There will be a maximum of 10 rows per person, but no specified minimum.
Here's a simplified example of the data in its current form:
current <- structure(list(id = c("Bob", "Bob", "Bob", "Bob", "Jim", "Jim",
"Jim", "Jim"), awarding.body = c("SQA", "SQA", "SQA", "SQA",
"SQA", "SQA", "SQA", "SQA"), qual.type = c("HIGHER GRADE", "HIGHER GRADE",
"STANDARD GRADE", "STANDARD GRADE", "HIGHER GRADE", "HIGHER GRADE",
"STANDARD GRADE", "STANDARD GRADE"), year.awarded = c(1998L,
1998L, 1996L, 1996L, 1999L, 1999L, 1997L, 1997L), band = c("A",
"A", "B", "B", "B", "B", "A", "B"), subject = c("Mathematics",
"Chemistry", "French", "Physics", "Fine Art", "Geography", "Craft & Design",
"French")), .Names = c("id", "awarding.body", "qual.type", "year.awarded",
"band", "subject"), class = "data.frame", row.names = c(NA, -8L
))
Here is how I need the data to look
desired <- structure(list(id = c("Bob", "Jim"), awarding.body.1 = c("SQA",
"SQA"), qual.type.1 = c("HIGHER GRADE", "HIGHER GRADE"), year.awarded.1 = 1998:1999,
band.1 = c("A", "B"), subject.1 = c("Mathematics", "Fine Art"
), awarding.body.2 = c("SQA", "SQA"), qual.type.2 = c("HIGHER GRADE",
"HIGHER GRADE"), year.awarded.2 = 1998:1999, band.2 = c("A",
"B"), subject.2 = c("Chemistry", "Geography"), awarding.body.3 = c("SQA",
"SQA"), qual.type.3 = c("STANDARD GRADE", "STANDARD GRADE"
), year.awarded.3 = 1996:1997, band.3 = c("B", "A"), subject.3 = c("French",
"Craft & Design"), awarding.body.4 = c("SQA", "SQA"), qual.type.4 = c("STANDARD GRADE",
"STANDARD GRADE"), year.awarded.4 = 1996:1997, band.4 = c("B",
"B"), subject.4 = c("Physics", "French")), .Names = c("id",
"awarding.body.1", "qual.type.1", "year.awarded.1", "band.1",
"subject.1", "awarding.body.2", "qual.type.2", "year.awarded.2",
"band.2", "subject.2", "awarding.body.3", "qual.type.3", "year.awarded.3",
"band.3", "subject.3", "awarding.body.4", "qual.type.4", "year.awarded.4",
"band.4", "subject.4"), class = "data.frame", row.names = c(NA,
-2L))
I tried various things with the Reshape2 package but I don't think this is a typical reshaping problem?

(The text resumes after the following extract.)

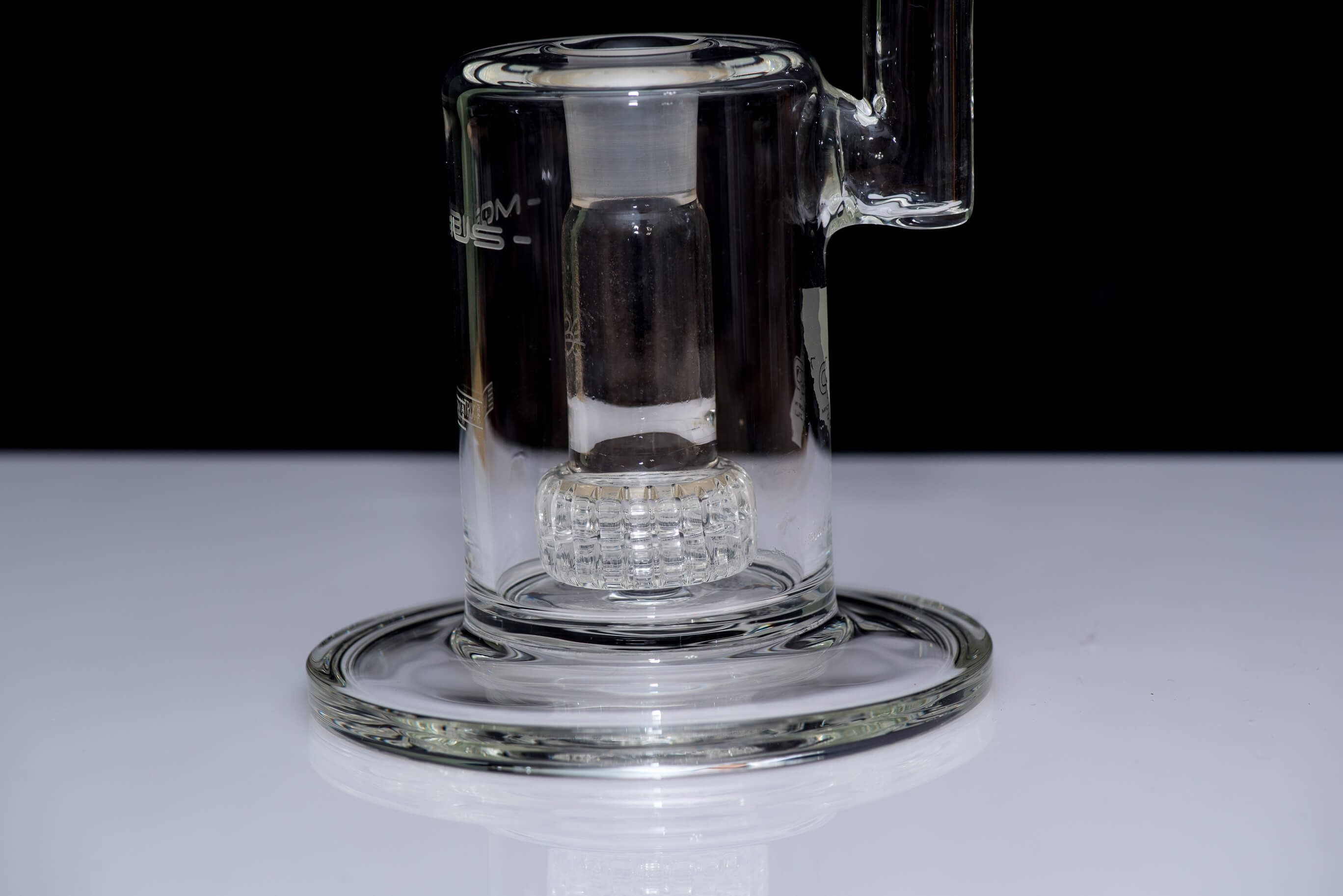 How To Clean Glass Bongs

I've looked at various reshaping questions on here but haven't found a solution.
Advice greatly appreciated.
Upvotes: 0
Views: 76
Reputation: 887251
Try
current1 <- transform(current, indx=ave(seq_along(id), id, FUN=seq_along))
desired1 <- reshape(current1, idvar='id', timevar='indx', direction='wide')
row.names(desired1) <- NULL
attr(desired1, 'reshapeWide') <- NULL
all.equal(desired1, desired)
#[1] TRUE
Upvotes: 1